More on environments

Variables defined inside functions exist in a different environment than the global environment. However, if a variabe is not defined inside a function, it will look one level above.

example.

x <- 2
g <- function() {
    y <- 1
    c(x, y)
}
g()
## [1] 2 1
rm(x, g)

Same rule applies for nested functions.

A first useful function.

first <- function(x, y) {
    z <- x + y
    return(z)
}
add <- function(a, b) {
    return(a + b)
}
vector <- c(3, 4, 5, 6)

sapply(vector, add, 1)

What does this function return?

x <- 5
f <- function() {
    y <- 10
    c(x = x, y = y)
}
f()

What does this function return?

x <- 5
g <- function() {
    x <- 20
    y <- 10
    c(x = x, y = y)
}
g()

What does this function return??

x <- 5
h <- function() {
    y <- 10
    i <- function() {
        z <- 20
        c(x = x, y = y, z = z)
    }
    i()
}
h()

Functions with pre defined values

temp <- function(a = 1, b = 2) {
    return(a + b)
}

Functions usually return the last value it computed

f <- function(x) {
    if (x < 10) {
        0
    } else {
        10
    }
}
f(5)
f(15)

Scoping Rules

Assuming we run the following code:

c <- 100
(c + 1)

Can we still use c() to concactenate vectors?

(x1 <- c(1:4))

How does R know which value of c to use when? R has separate namespaces for functions and non-functions. That's why this is possible.
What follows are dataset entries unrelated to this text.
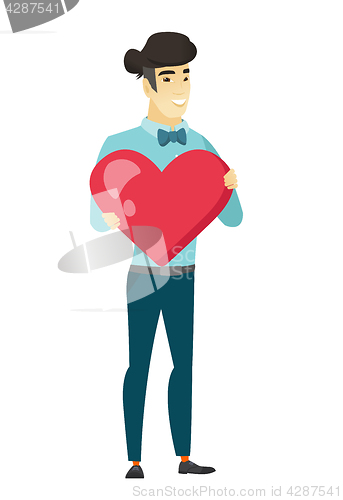 Image of Asian business man holding a big red heart.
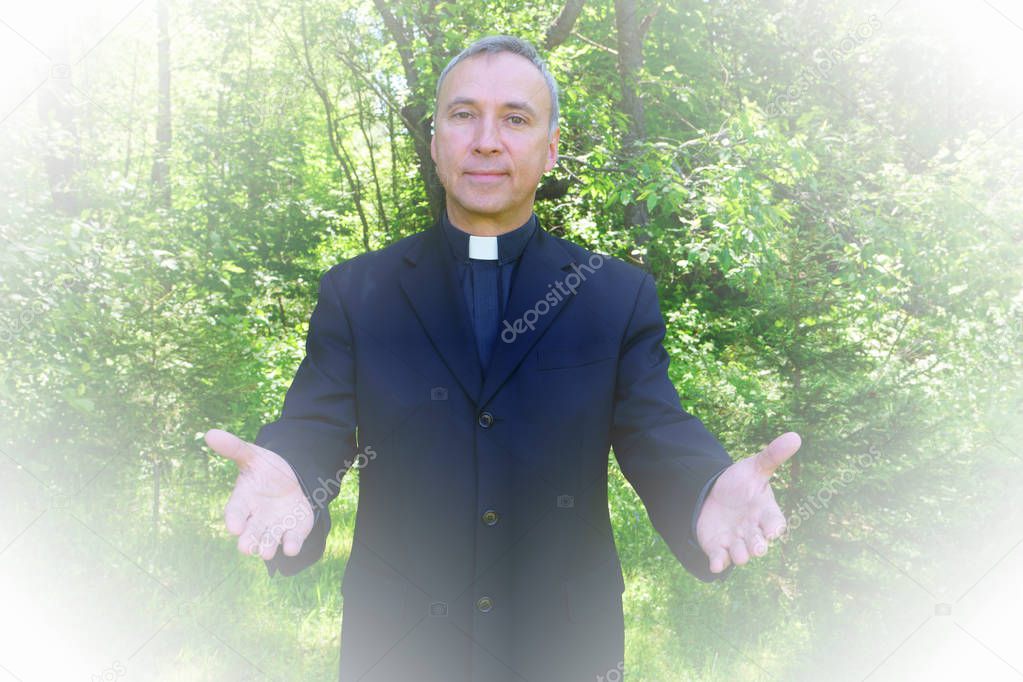 A good looking catholic priest is welcoming us in joy. He looks at us with confidence, openning his arms in peace.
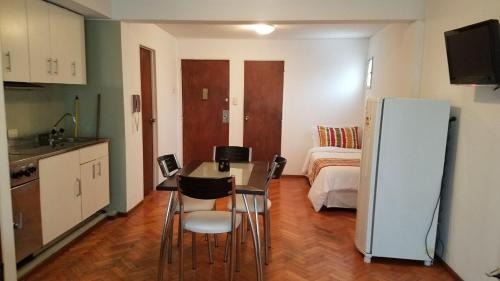 a kitchen with a table and chairs in a room at Temporarios Peatonal in Rosario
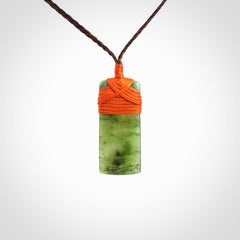 Unique small Jade Toki hand carved here in New Zealand, the cord is adjustable.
When R tried to "bind" a value to a symbol (in this case c), it follows a very specific search path, looking first at the Global environment, then the namespaces of each package.

What is this order?

> search()
 [1] ".GlobalEnv"        "package:graphics"  "package:grDevices"
 [4] "package:datasets"  "package:devtools"  "package:knitr"
 [7] "package:plyr"      "package:reshape2"  "package:ggplot2"
[10] "package:stats"     "package:coyote"    "package:utils"
[13] "package:methods"   "Autoloads"         "package:base"

Newly loaded packages end up in position 2 and everything else gets bumped down the list. base is always at the very end.

.GlobalEnv is just your workspace. If there's a symbol matching your request, it will take that value based on your request.

If nothing is found, it will search the namespace of each of the packages you've loaded (your list will look different).

Package loading order matters.

Example:

library(plyr)
library(Hmisc)
is.discrete
library(Hmisc)
library(plyr)
is.discrete

Reference functions inside a package's namespace using the :: operator.

Hmisc::is.discrete
plyr::is.discrete

R uses scoping rules called Lexical scoping (otherwise known as static scoping).

It determines how a value is associated with a free variable in a function.

add <- function(a, b) {
    (a + b)/n
}

n here is the free variable.

Rules of scoping

R first searches in the environment where the function was defined. An environment is a collection of symbols and values. Environments have parents.

> parent.env(globalenv())
<environment: package:graphics>
attr(,"name")
[1] "package:graphics"
attr(,"path")
[1] "/Library/Frameworks/R.framework/Versions/3.0/Resources/library/graphics"
> search()
 [1] ".GlobalEnv"        "package:graphics"  "package:grDevices"
 [4] "package:datasets"  "package:devtools"  "package:knitr"
 [7] "package:plyr"      "package:reshape2"  "package:ggplot2"
[10] "package:stats"     "package:coyote"    "package:utils"
[13] "package:methods"   "Autoloads"         "package:base"

Since we defined add in the global env, R looks for n in that environment. You can confirm that the function add was defined in the global env using the function environment.

environment(add)

These rules matter because you can define nested functions.

Example:

make.power <- function(n) {
    pow <- function(x) {
        x^n
    }
    pow
}

This is a constructor function, i.e. a function that creates another one.

cube <- make.power(3)
square <- make.power(2)
cube(3)
square(3)
ls(environment(cube))
get("n", environment(cube))
ls(environment(square))
get("n", environment(square))

You can see that R is searching for n first within each environment before looking elsewhere.

Why scoping matters?

y <- 10

f1 <- function(x) {
    y <- 2
    y^2 + f2(x)
}


f2 <- function(x) {
    x * y
}

What does f1(10) return?

Possible answers:

  • 104
  • 24

This is a consequence of lexical or static scoping. The alternate will result if R were using dynamic scoping. One downside (as you'll see with larger tasks) is that R has to carry everything in memory.